Alba Escayo Menéndez (Avilés, 1981) heredó la pasión por el mar de su abuelo Agustín Menéndez Prendes, más conocido como Agustín Santarúa e impulsor de iniciativas marineras como la Alborada de Candás, el Museo de las Anclas de Salinas y la Cofradía de la Buena Mesa de la Mar. Aquellos sugerentes paseos infantiles por la playa de Salinas con su abuelo le inculcaron una inquietud por todo lo que huele a salitre que con el paso del tiempo, ya convertida en artista, pasó a condicionar su obra. La última monografía salida de su estudio se titula "Pacífico" y durante las últimas semanas iluminó las paredes de la galería Antonio de Suñer, en Madrid. Ya descolgados los cuadros, Alba Escayo confiesa que le haría ilusión que este trabajo pudiera ser visto en Asturias, su tierra.

"Pacífico" es el resultado de unos años viajando por el continente asiático y del conocimiento de nuevas gentes y otros artistas que, como la singapureña Yeo Shih Yun, le han influido. La colección "Pacífico" es un libro de viajes en formato pictórico y, como no hay mejor compañero de viaje que los libros, también contiene guiños a la literatura, más en concreto a la obra de Pablo Neruda y las cartas que el poeta envió mientras disfrutaba de la contemplación del océano más vasto del planeta. "Leía a Neruda mientras estaba por Asia y me resultó inspiradora su forma de referirse al Pacífico: grande, desordenado, azul... Son palabras que elegí para incluir en los cuadros", explica la pintora.

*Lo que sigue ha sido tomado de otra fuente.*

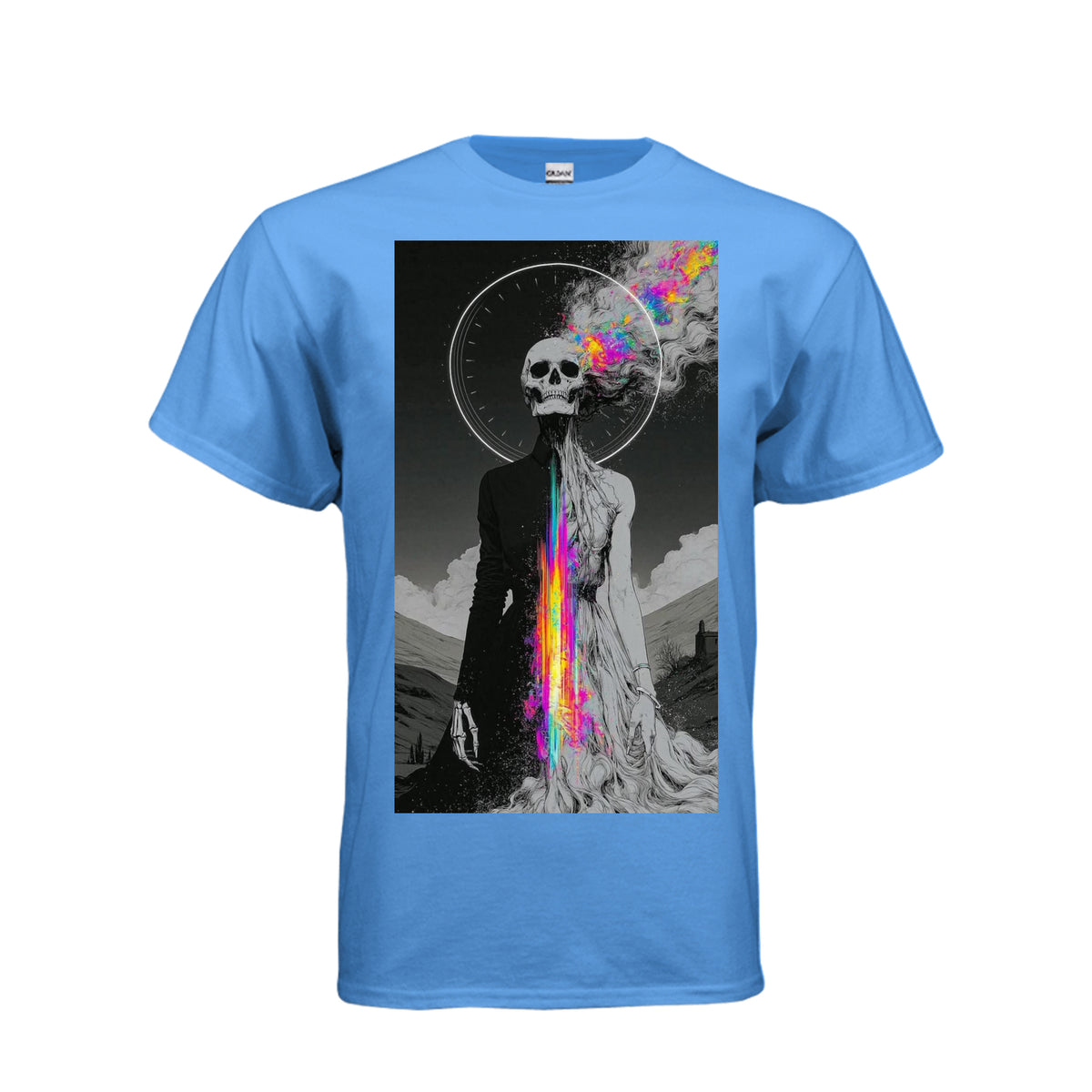 Blue Gildan tee featuring Skull Luv Cosmic Forces art: a spectral skull figure with vibrant rainbow energy streams against a grayscale landscape.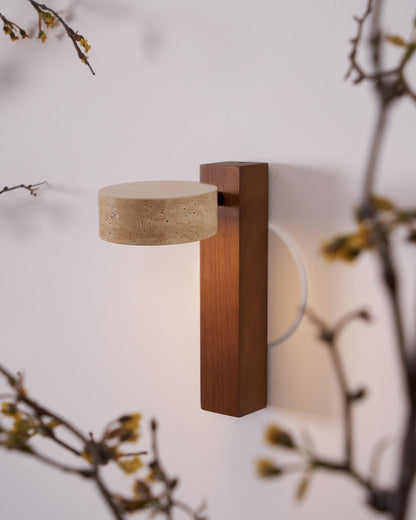 Grove Beam Wall Lamp | Yellow Travertine, Wood, Acrylic | Wall Mount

De la treintena de piezas que componen la colección destaca, así sea solo por su tamaño, la titulada "Gran Pacífico", un lienzo de 7,5 de ancho por 3 metros de alto que Escayo pintó sobre la tela de una vela antigua de barco. Dimensiones aparte, el gran reto al que se enfrentó Alba Escayo para dar forma a los lienzos que componen su visión del Pacífico fue la luz, resuelta con una paleta de tonos pastel en los que el color azul prima por encima de todos en decenas de tonalidades.

La pintora se confiesa muy sensible al impacto de los colores allá donde viaje y comenta la extraña mutación que sufrió su obra cuando estuvo en Serbia:"Toda la pintura se me volvió blanca y negra". En "Pacífico" ha recuperado la frescura de los azules, sin llegar a la fuerza e intensidad -casi frialdad- con la que en tiempos pintó el Cantábrico. "El mar de mi niñez ocupa un espacio destacado en mi corazón, pero salvo las diferentes luces todos los mares son, en el fondo, el mismo mar", reflexiona. Una filosofía no muy diferente a la de su abuelo Agustín Santarúa, precursor de la ceremonia de unión de las aguas que se llevaba a cabo en el Museo de las Anclas de Salinas a modo de hermanamiento de los pueblos bañados por los océanos, que juntos forman el mar.